* _Listed entries_
::::

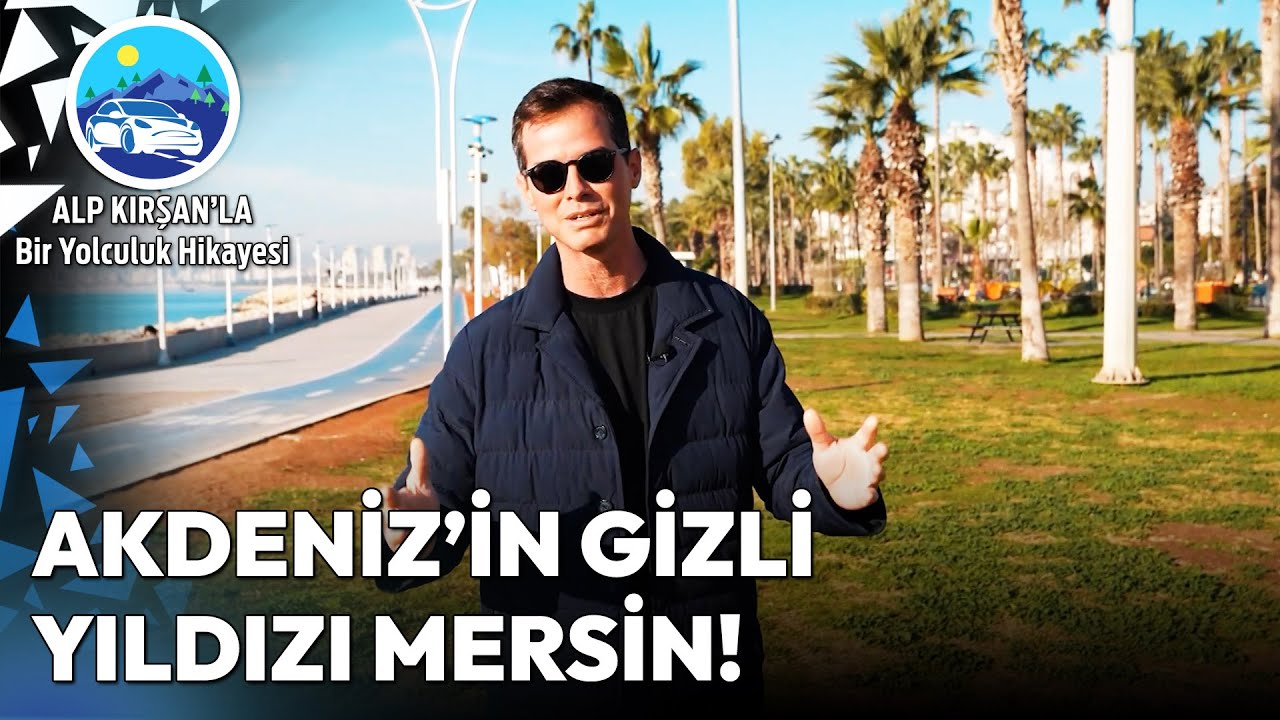 Güneşin ve Tarihin Buluştuğu Şehir Mersin'i Keşfediyoruz! | Alp Kırşan'la Bir Yolculuk Hikayesi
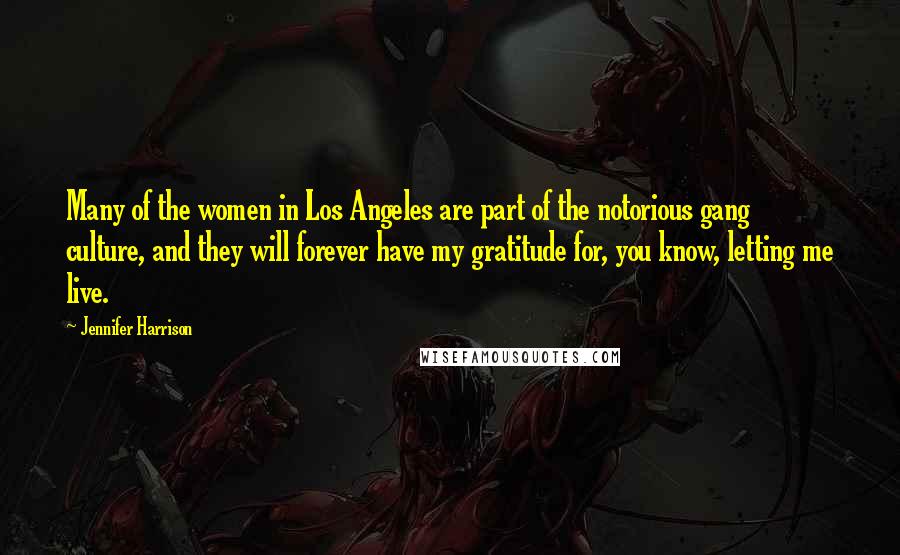 Jennifer Harrison Quotes: Many of the women in Los Angeles are part of the notorious gang culture, and they will forever have my gratitude for, you know, letting me live.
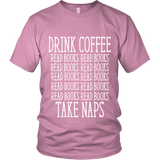 Drink Coffee, Read books, Take naps Unisex T-shirt - Gifts For Reading Addicts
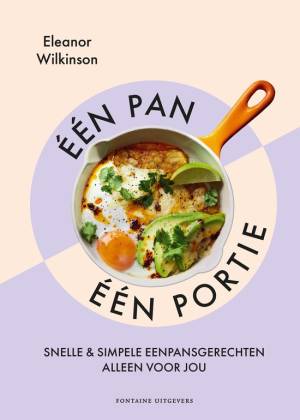 Eén pan, één portie - eenpansgerecht kookboek 2024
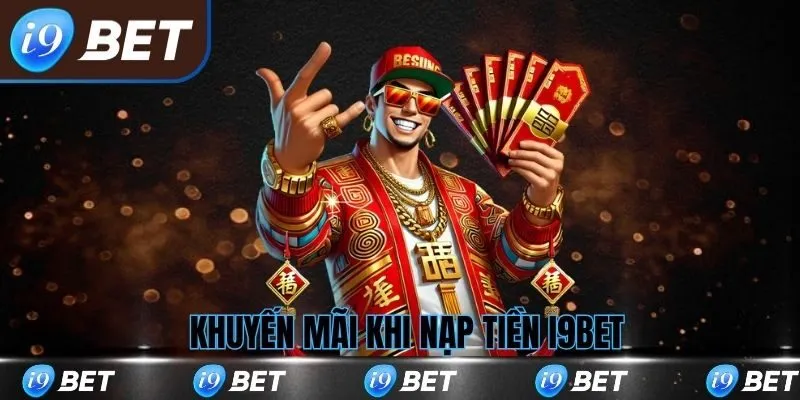 Khuyến mãi khi nạp tiền i9bet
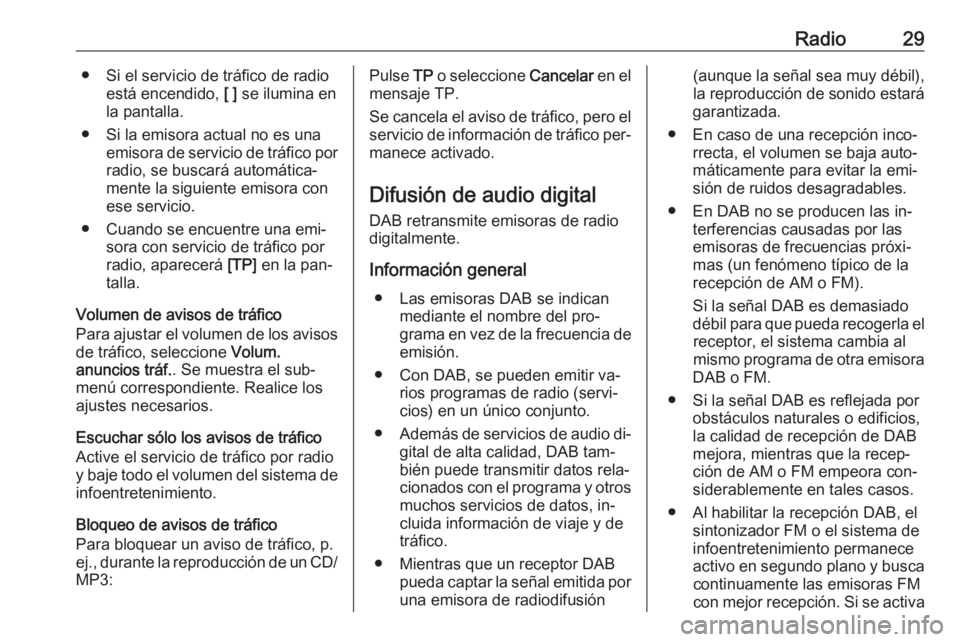 OPEL MOKKA 2016.5  Manual de infoentretenimiento (in Spanish) Radio29● Si el servicio de tráfico de radioestá encendido,  [ ] se ilumina en
la pantalla.
● Si la emisora actual no es una emisora de servicio de tráfico porradio, se buscará automática‐
m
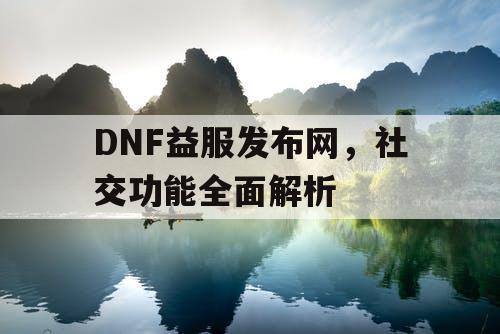 DNF益服发布网，社交功能全面解析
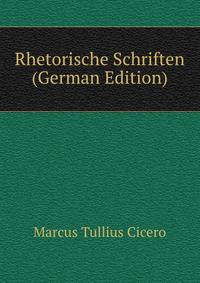 Rhetorische Schriften (German Edition)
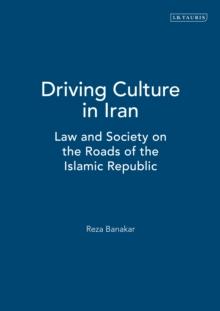 Driving Culture in Iran : Law and Society on the Roads of the Islamic Republic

::::

* _Exercise objective_
Pictures do not belong in the answer. Return the lines above starting at the one with "Khuyến mãi khi nạp tiền i9bet" and ending at the one with "Rhetorische Schriften (German Edition)", both kept, exactly.

* _Result of the task_
 Khuyến mãi khi nạp tiền i9bet
 OPEL MOKKA 2016.5  Manual de infoentretenimiento (in Spanish) Radio29● Si el servicio de tráfico de radioestá encendido,  [ ] se ilumina en
la pantalla.
● Si la emisora actual no es una emisora de servicio de tráfico porradio, se buscará automática‐
m
 DNF益服发布网，社交功能全面解析
 Rhetorische Schriften (German Edition)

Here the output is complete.